» **SOURCE MATERIAL**:

+---+

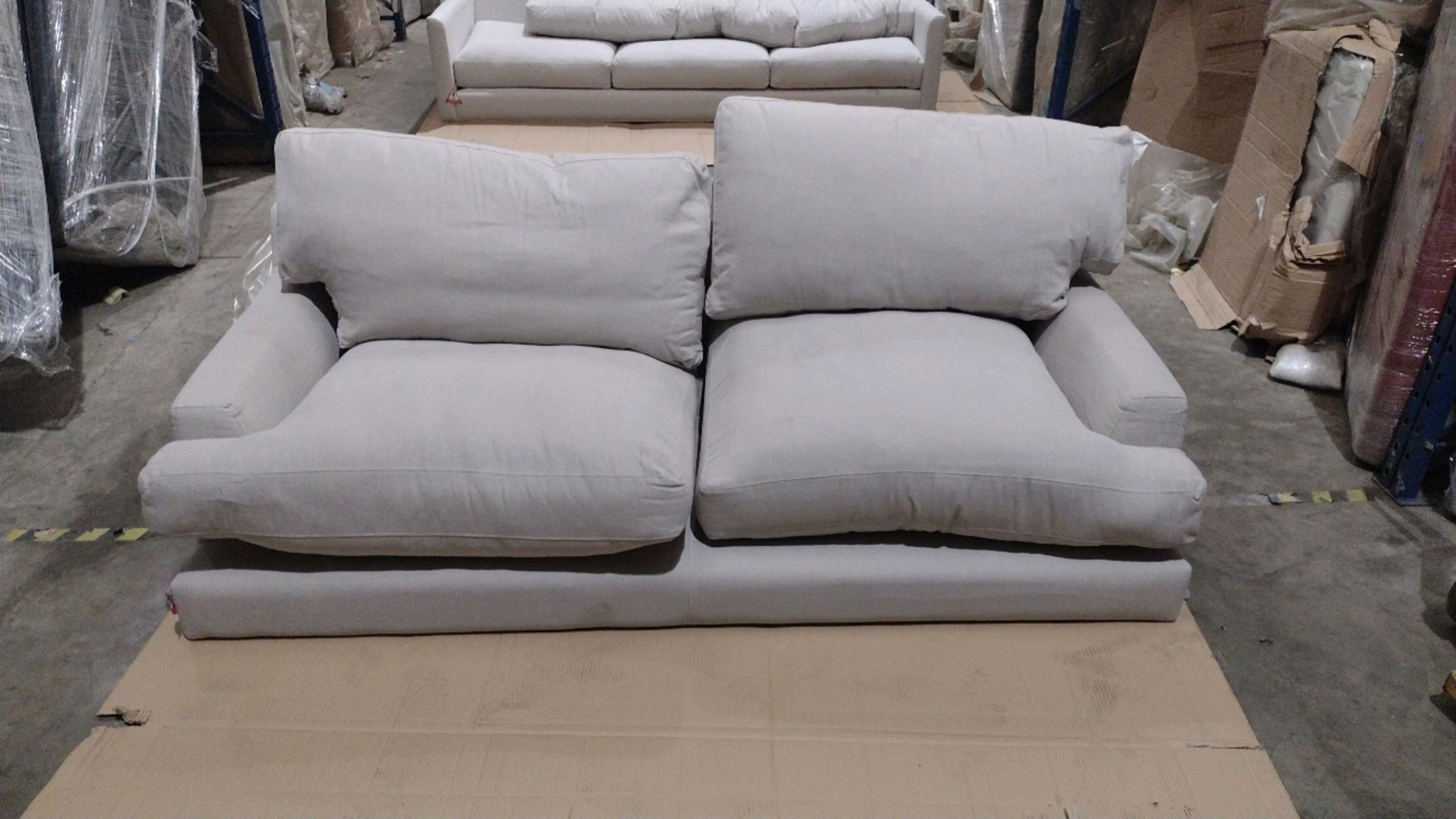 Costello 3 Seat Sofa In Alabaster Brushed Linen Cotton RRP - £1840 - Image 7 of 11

+---+

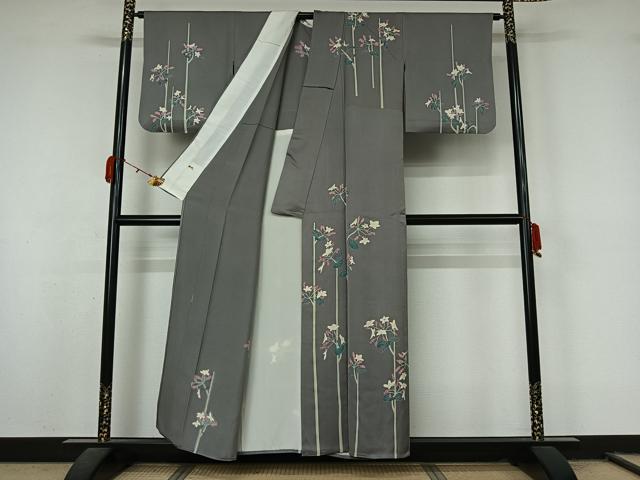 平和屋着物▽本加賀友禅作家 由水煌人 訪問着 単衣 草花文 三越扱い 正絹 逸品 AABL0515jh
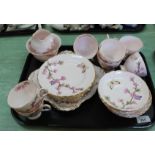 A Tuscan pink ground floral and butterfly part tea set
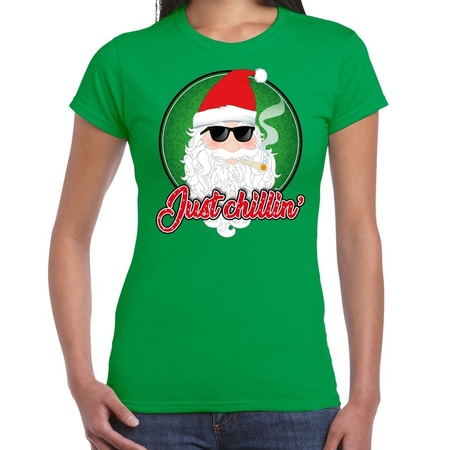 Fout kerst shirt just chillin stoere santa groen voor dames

+---+

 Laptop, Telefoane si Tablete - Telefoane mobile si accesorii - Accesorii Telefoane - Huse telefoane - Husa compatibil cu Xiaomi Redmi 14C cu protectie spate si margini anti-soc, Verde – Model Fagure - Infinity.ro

+---+

» **TASK REQUIREMENTS**:
Using the listing above, reproduce word for word every line from the one containing "A Tuscan pink" through the one containing "Fout kerst shirt". Pictures must be left out.

» **FINAL ANSWER**:
 A Tuscan pink ground floral and butterfly part tea set
 Fout kerst shirt just chillin stoere santa groen voor dames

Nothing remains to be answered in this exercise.